▶ **PROBLEM REQUIREMENTS**
Exclude the pictures, then copy word for word the lines running from the beginning of the records through the line with "Here's the mother".

▶ **RECORDS PROVIDED**
______
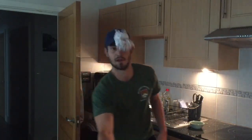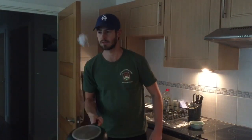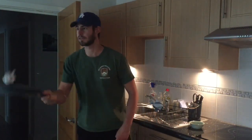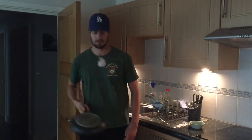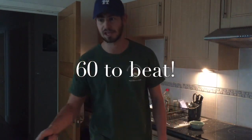And go. Done. See if you can beat me. Have a good weekend.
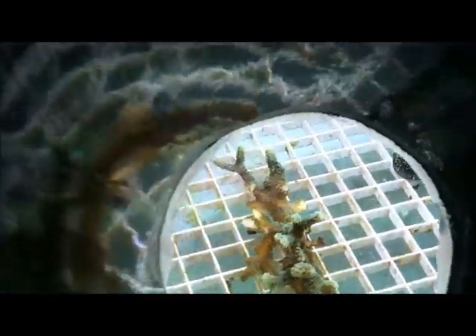Here's the mother colony of the green bird's nest that I'm going to go ahead and keep. There's the fox face and the melanurus wrasse, which I purchased to take care of any of the pests that are in the tank.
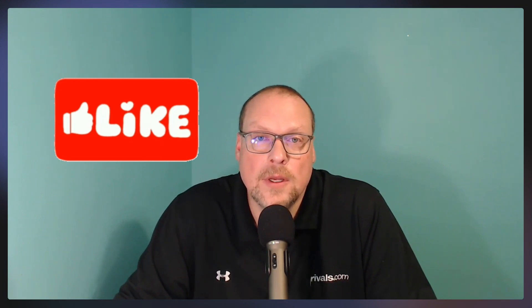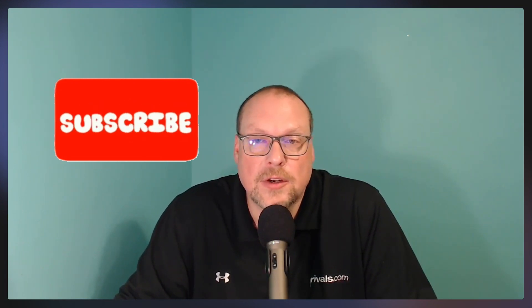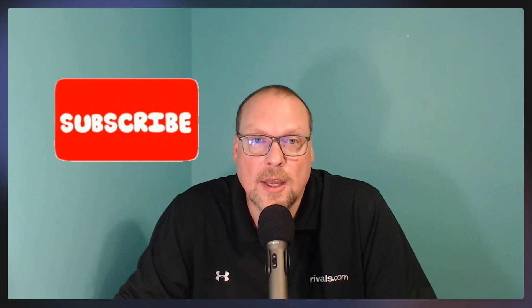Before we go any further, go ahead and like this video, share it with your friends, share it on social media. And if you're not already subscribed, go ahead and subscribe to the channel. I put out new videos every day at 10 a.m., and sometimes another video or two during the day as well.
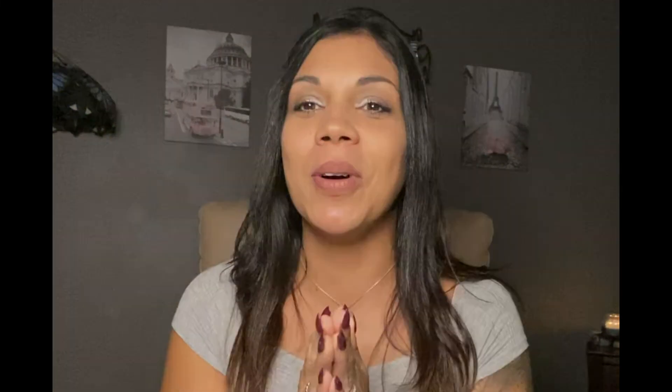That's my video on dupes. Let me know your thoughts — what dupes do you have and how similar are they? Comment below, thank you for watching, and I will see you very soon. God bless you all.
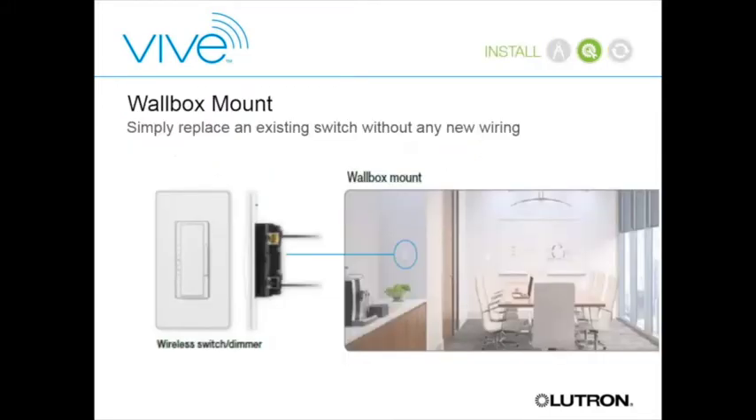Looking at those different space types—we mentioned the restroom, and anywhere you have a toggle switch on the wall, we have a solution. You take out that toggle switch and put in either a switch or a dimmer, and without any new wiring you've just gone from standard toggle switching to a smart RF dimmer.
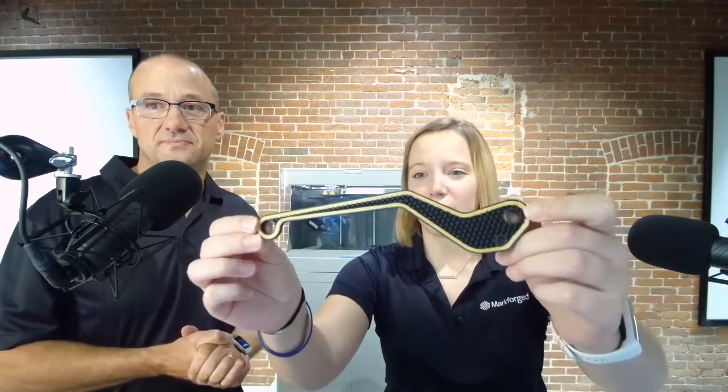Soft jaws — application number one. As stated, we're able to reinforce the chopped carbon fiber in the nylon with actual continuous carbon fiber threads. One of the questions we got a lot at the trade show was, what do these fibers look like? The yellow here is one of our Kevlar options — Kevlar is one of the fibers that we can print with. This is a continuous strand of carbon or Kevlar, which really gives it the strength. This base material is our Onyx, which has the chopped carbon fiber, and then the continuous strands make it really hard to break.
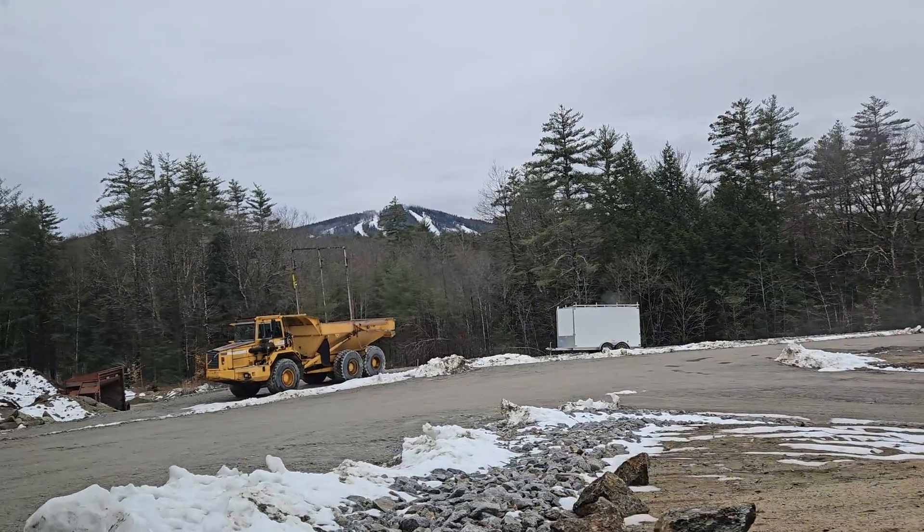Look at that ski slope up there. That's cool. So we are just getting to MES here. There's Clayton's truck.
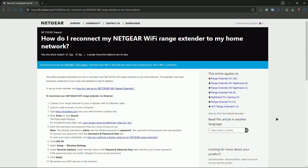Also press the power button. Verify placement as well — place the extender halfway between your router and the area with weak Wi-Fi. Avoid placing it near thick walls, microwaves, or other electronic devices that could cause interference.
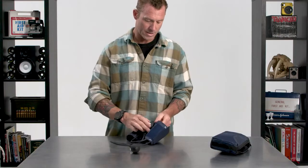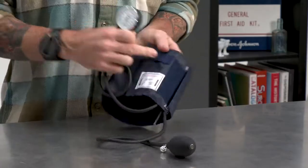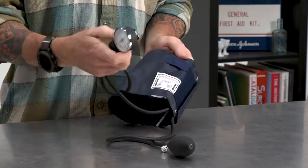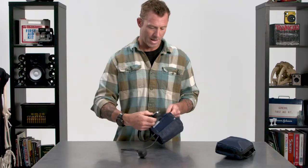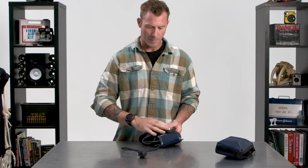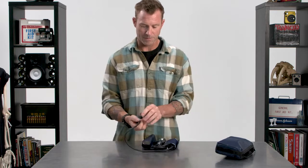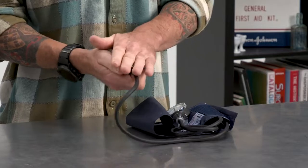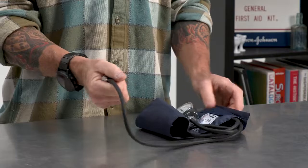You've got your gauge here, and this does come unclipped if you choose to do so. It's got a little tab here you can clip into. So if it's easier and more convenient in certain situations, you can hold this, hang it, whatever. That does come off. And then you've got your bulb to inflate the cuff itself, and the knob here to close off or open the airway through the tubing. Very straightforward.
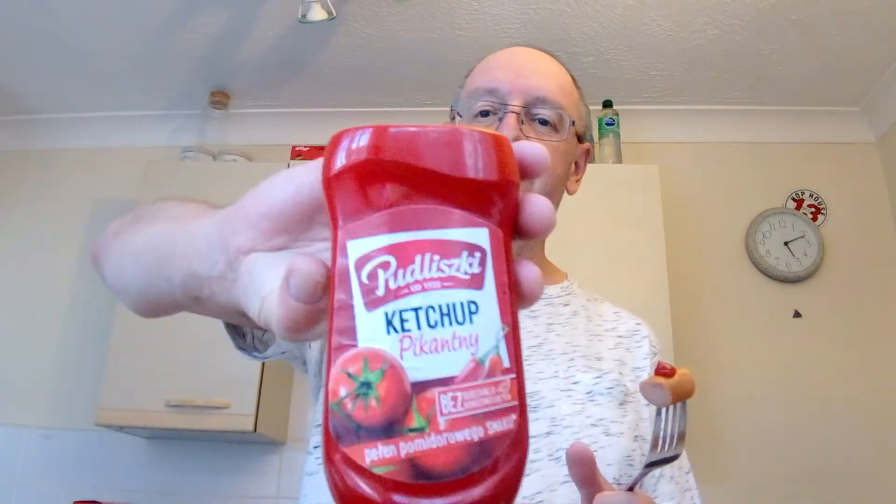They're not going to be the healthiest thing for you, I know, but they were very cheap — £1.15 — and you get 5 in that pack. But what could be better than a cheap Polish sausage than a bit of cheap Polish ketchup on it? There we go. Good old pudlisky ketchup. That is going to work marvellously in those rolls, I'll tell you.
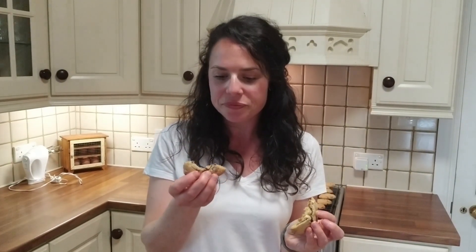So give them a go this week — try them out! If you want to put Nutella in them or something else, or if not just make them plain. They're delicious. Enjoy!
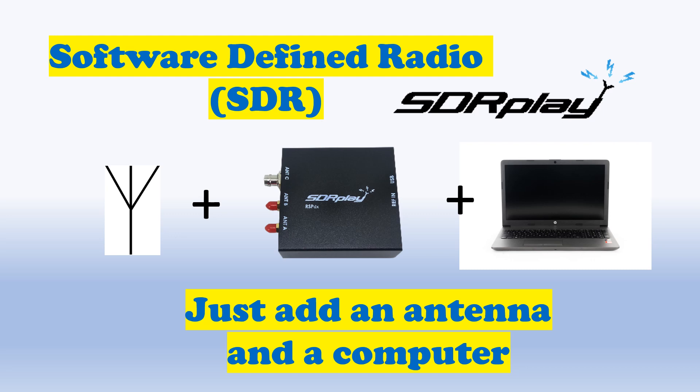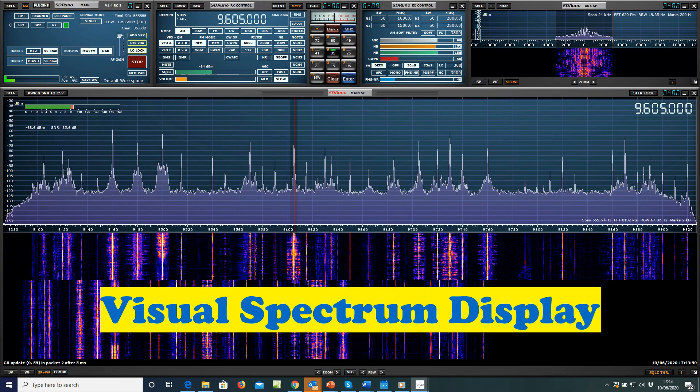SDR Play — the latest way to access the entire radio spectrum, from long waves to microwaves. Once connected to your PC and an antenna, it turns your PC into a multiband receiver with a visual spectrum display and a user-friendly control panel.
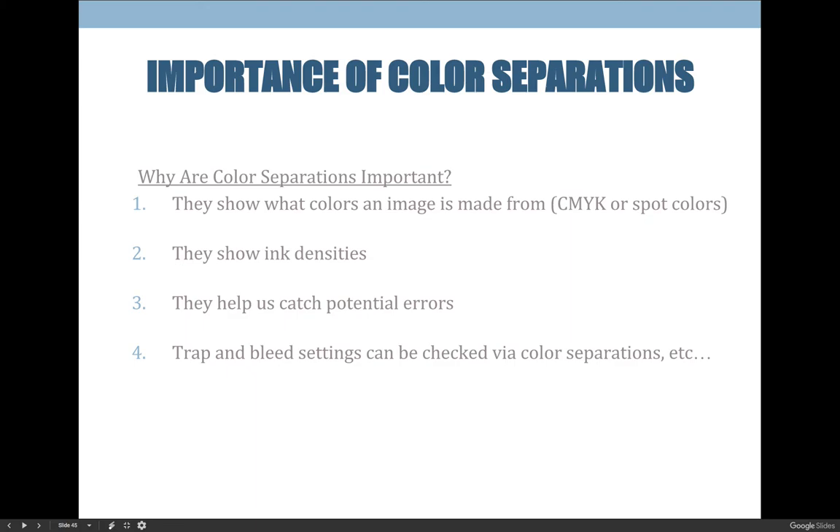Color separations also help you catch potential errors. If you create a separation and see ink where it shouldn't be, or a spot color that wasn't supposed to be in the job, you can eliminate those errors before print production begins. You can also check your trap and bleed settings — we haven't covered those yet, but color separations let you verify them, and we will learn about them eventually.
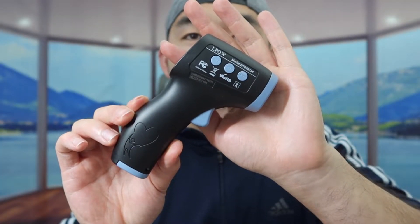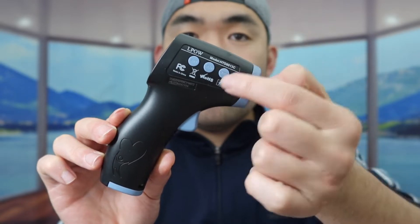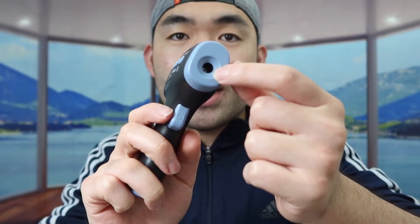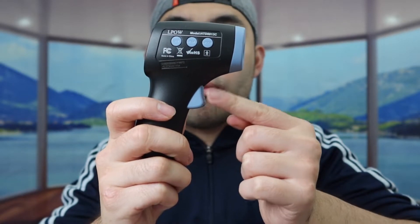Alright, so once you take it out, here is basically what the product looks like. Right here on top you can see we have the brand logo. Right here you can see we have a few buttons — there's a set button, a memo button, and a mode button. Right here in front is basically where you want to aim it at your body or anywhere else to check the temperature. Right here on the bottom is basically the button you want to press to activate it.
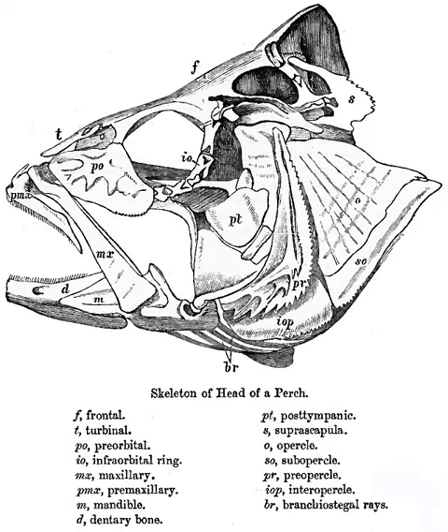Fish heads, either separated or still attached to the rest of the fish, are sometimes used in food dishes or boiled for fish stock.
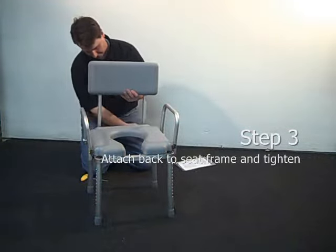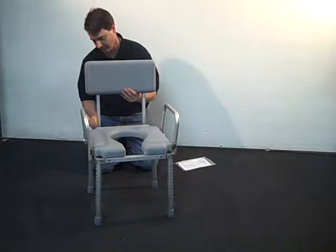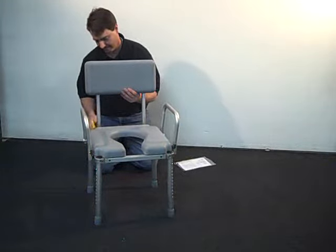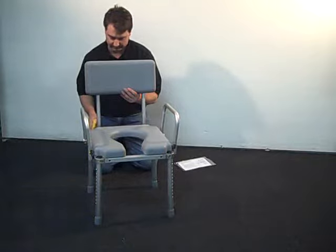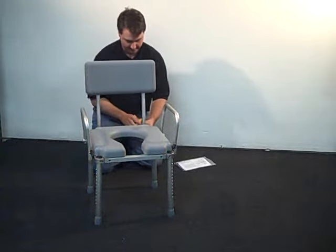Once the arms are installed, the next step is to install the backrest assembly. It has two threaded bolts attached to the back frame tubes. Position the backrest with both bolts and then tighten the bolts using the quarter-inch Allen wrench provided.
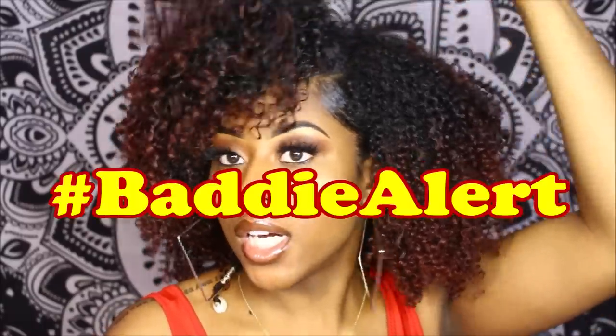Excuse me, baddie alert! Hold up, sis — do y'all see this? Because I see it. I know you see it, I know you do.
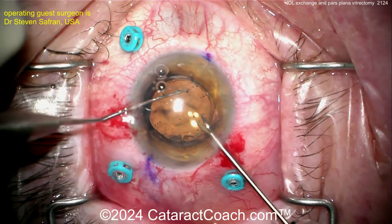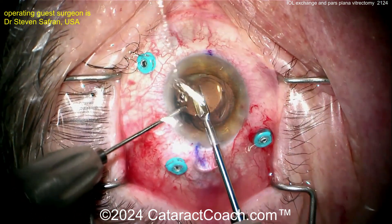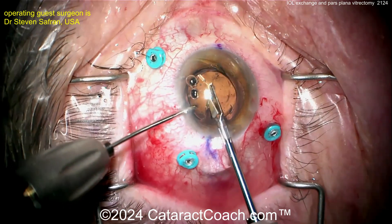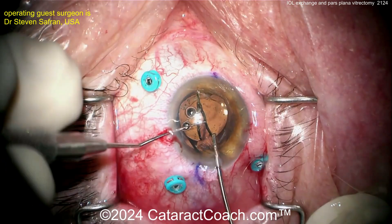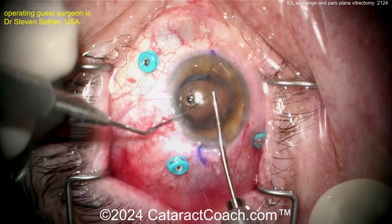Now to remove this, I would do my twist-and-out technique — you've seen that published here on CataractCoach — but Dr. Safford is going to use these micro scissors, and whatever works for you. He's cutting that lens, and you can actually just cut it 90% of the way through. You don't have to go all the way through, because then the pieces are still connected — you can pull out one half and the other half will just follow. That's another neat trick.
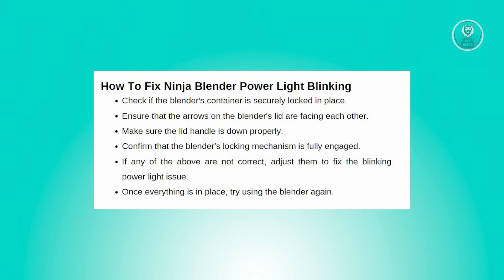When you plug in your blender and attempt to turn it on, if you notice the power light blinking, preventing you from using any blending speeds, here are some steps to address the problem and restore functionality to your blender.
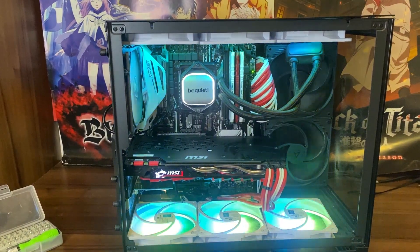Hey guys, it's Tolu and here's my PC. I built this around two to three years ago and I made a bunch of mistakes, and I don't want you to make the same mistakes I did.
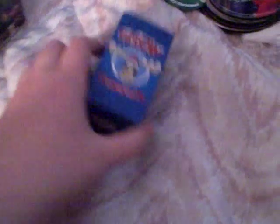Next we have a little button that has the moose character on it again. And then next is Instant Snow Powder, which obviously I won't use. It has a little moose character on it again — it's a cute little package.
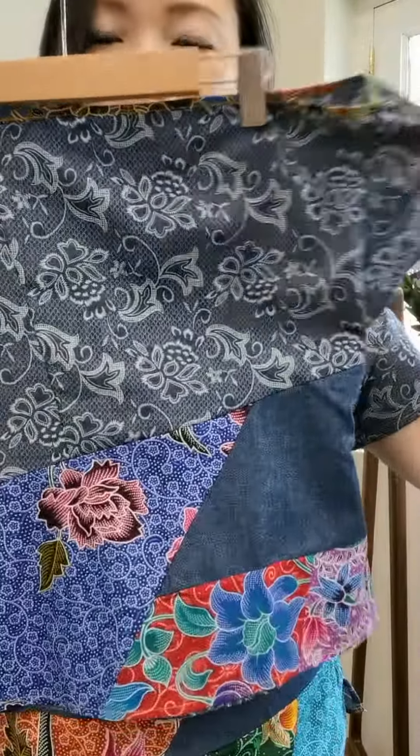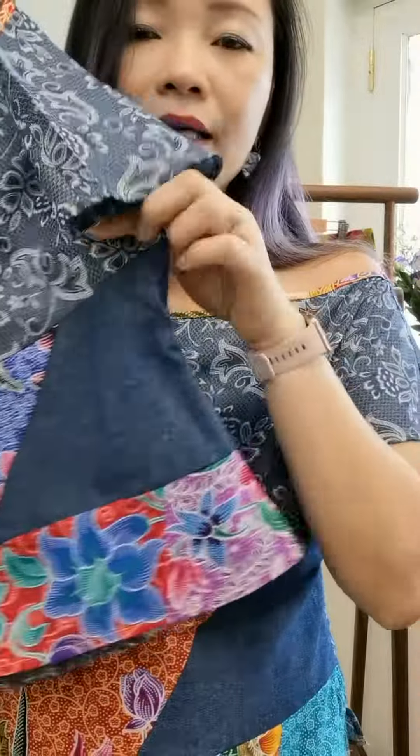It's a very unique top. Showing close-up — the zipper is at the side here. A zipper here and the back is like that.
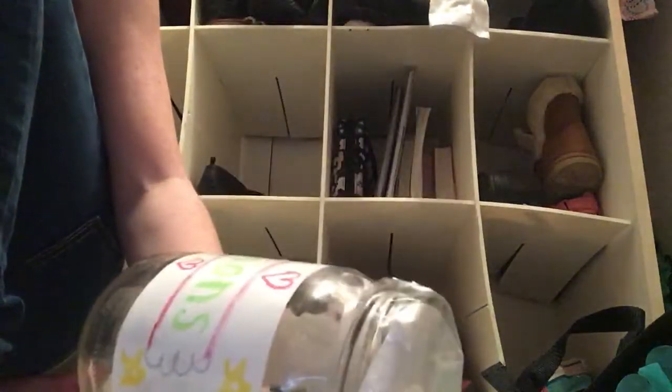Hey guys, it's Jenny here. Today I'm showing you guys how to make one of these super cute savings jars.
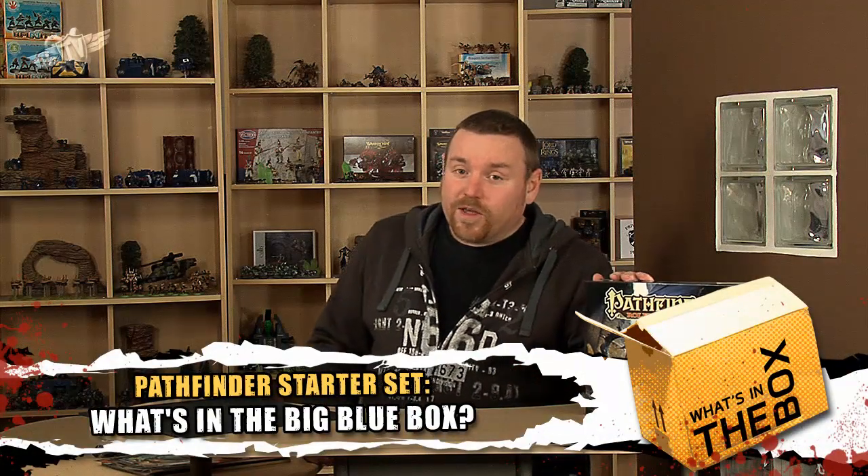Today we're going to have a look at the Pathfinder Beginner Box. This is the set designed for starting out and beginning to play Pathfinder. If you're already a Pathfinder player, you probably know what's in this box or have it in the main rulebook. But let's have a look at what you get if you want to start out playing.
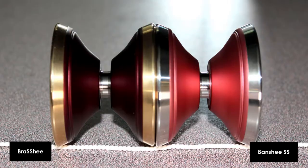This is the Banshee SS and this is the Brass Shee. These are both identical designs made out of 6061 aluminum, with the Banshee SS having stainless steel rings while the Brass Shee has the more dense brass rings, which add about 1.8 grams all packed onto the rim.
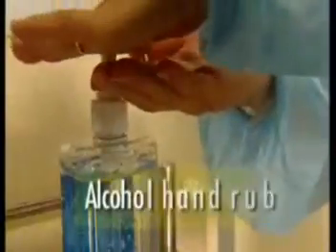When using an alcohol-based product to perform hand hygiene, dispense the recommended amount onto your hand and rub the product over hands and between fingers, ensuring all surfaces are covered. Allow the product to dry completely.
______
▶ **REPLY TO THE TASK**
And go. Done. See if you can beat me. Have a good weekend.
Here's the mother colony of the green bird's nest that I'm going to go ahead and keep. There's the fox face and the melanurus wrasse, which I purchased to take care of any of the pests that are in the tank.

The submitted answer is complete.